All right guys. It's time to shoot from the hip in a frank fashion. This is sort of how my writing career has evolved.
This might seem familiar to some of you. Each time a little more fantasy is peeled away, but the idea is that it is replaced by the more interesting possible.
This is my evolutionary path.
1. The want. At this point, my dream of writing is a day dream. I feel like I want to write, like life will be better if I write. I fantasize about writing lifestyles and money. I have not yet graduated college.
2. The frustration. Having determined that I want this fantasy writing life, I am aggravated that my real life and obligations continue to get in my way. I fantasize that writing will make me happy. With a little break through now and then in hobby writing, this predominates three college degrees and a few years as a professional.
3. The epiphany of time and talent. I realize that no one will make time for my writing but me. I realize strangers want to see my work. I fantasize that I am publishable. Epiphany occurs Memorial Day, 2007.
4. Goal driven writing approved by me with suggestions from friends. This has served me well up until this point, but has probably been the reason why I haven't been published as much as I like. On the pieces that have been published, talent shines through. I fantasize that writing is something I can do with less work than my thesis, and that publication is largely a matter of luck.
5. After workshop thesis equivalency theory. Well, sure I do have talent, and people do want to hear from me. I am in the top 2-3 percent of the slush pile. But my work could be so much more. It's a good thing I have people to push me now. Oh dear.
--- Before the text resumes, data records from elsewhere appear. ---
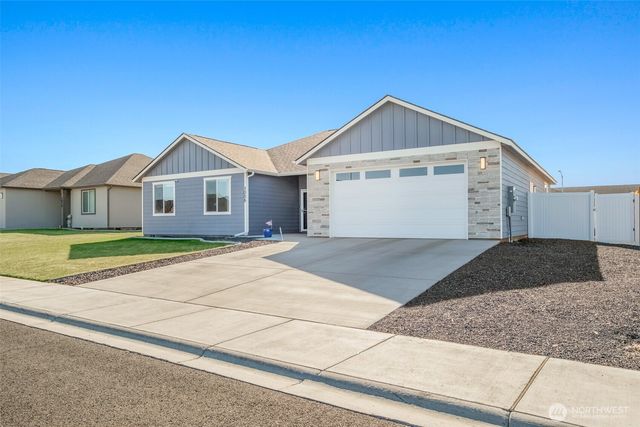 1006 6th Avenue NE, Ephrata, WA 98823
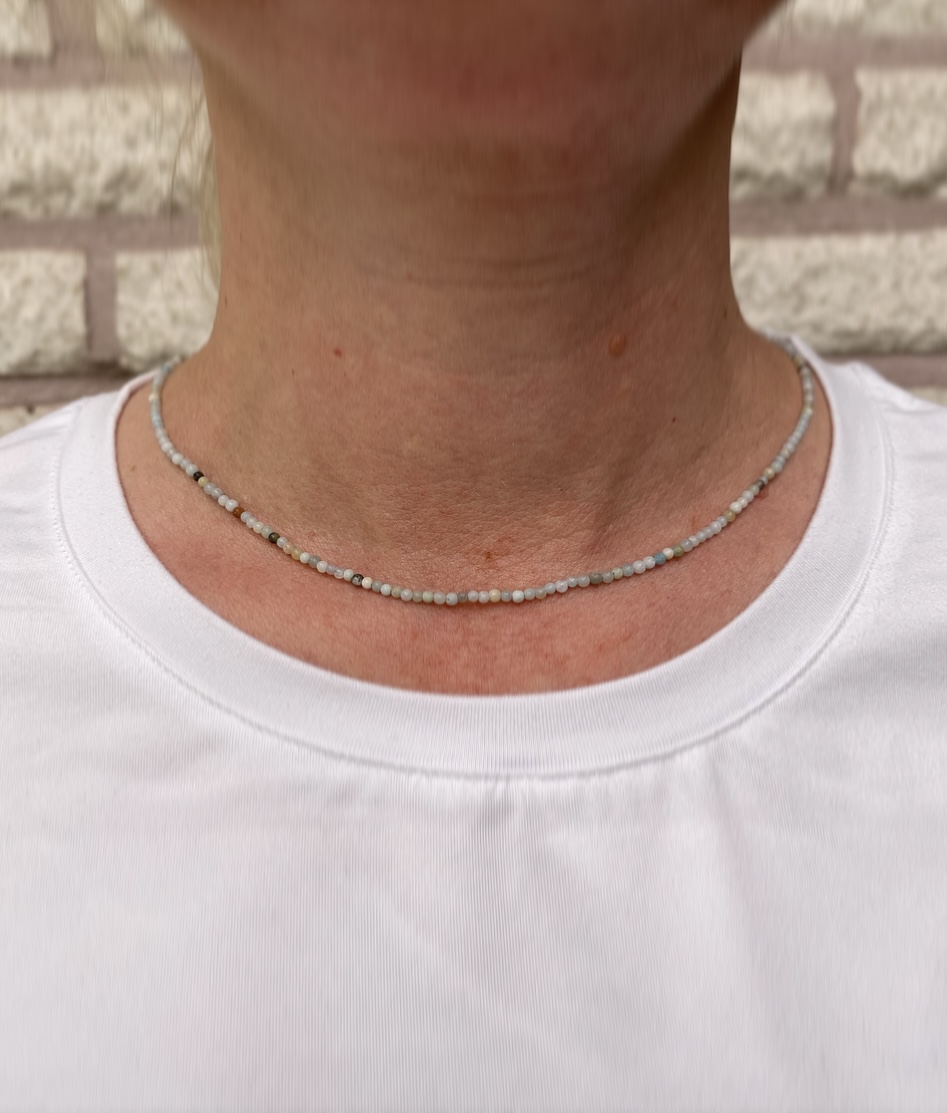 Kort halsband – Minipärlor av amazonit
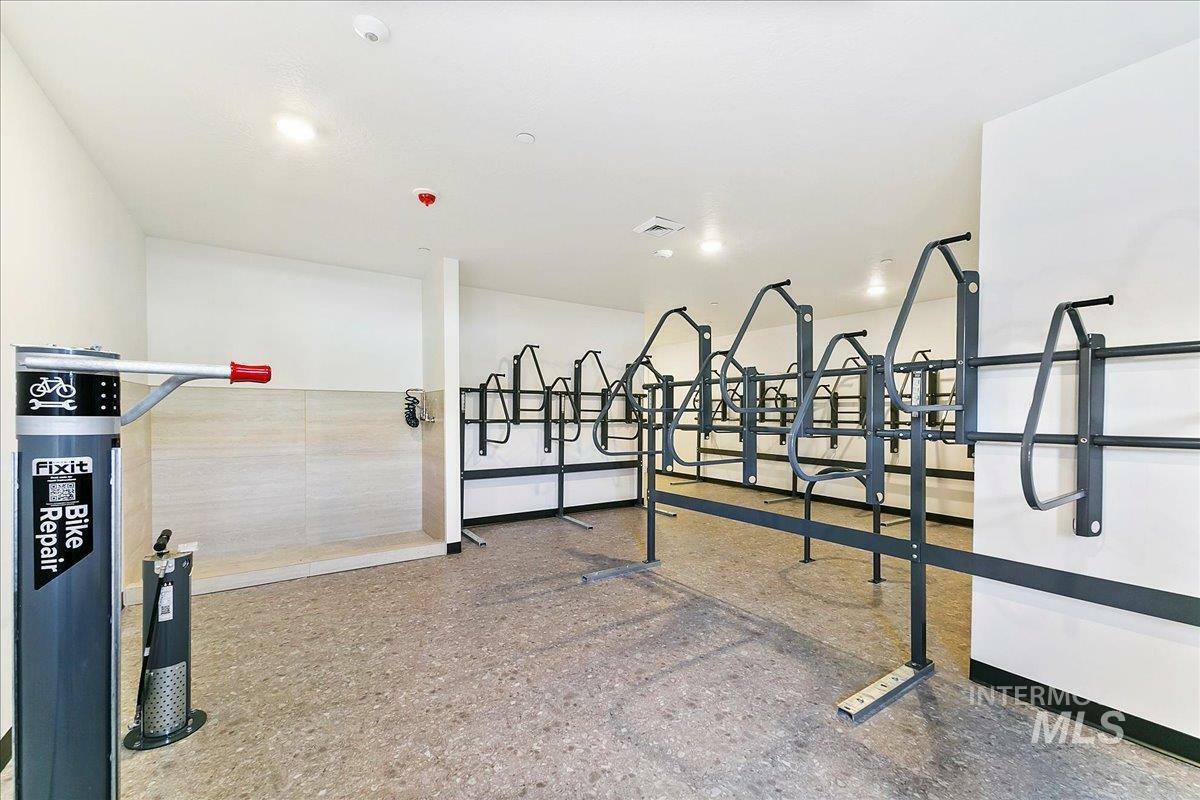 Property Photo: 4340 E Haystack St 201 ID 83716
It looks like this is going to be a lot like writing my thesis, both good and bad.
I can no longer write with the goal of just being finished. Ambiguity is back, in a big way.
I fantasize that I can make a meaningful contribution, maybe by writing a classic, if I roll up my sleeves, listen to other people, and really work.
What have I learned? My writing focus has gone from doing it for self-satisfaction and fun to a serious desire to create something lasting that is quality. My fantasy has gone from thinking how cool it will be to be a writer, to how difficult it is (which may not be a fantasy at all...).
I feel like I've been peeling away these layers of illusion until what's left is my talent and my skill scrutinized under the cold sun of the eyes of writers who evaluate me as they would each other.
Even the troll book seems monolithic at this point. Not insurmountable, but monolithic.
I console myself that it felt this way every stage of the thesis. And I still made it.
This is much more fun. I get to play some before I unleash the editing pen of Damocles. But the creative process is not what I thought it would be in the end, once I'm inside of it and I'm really listening to it.
Life is kind of interesting like that.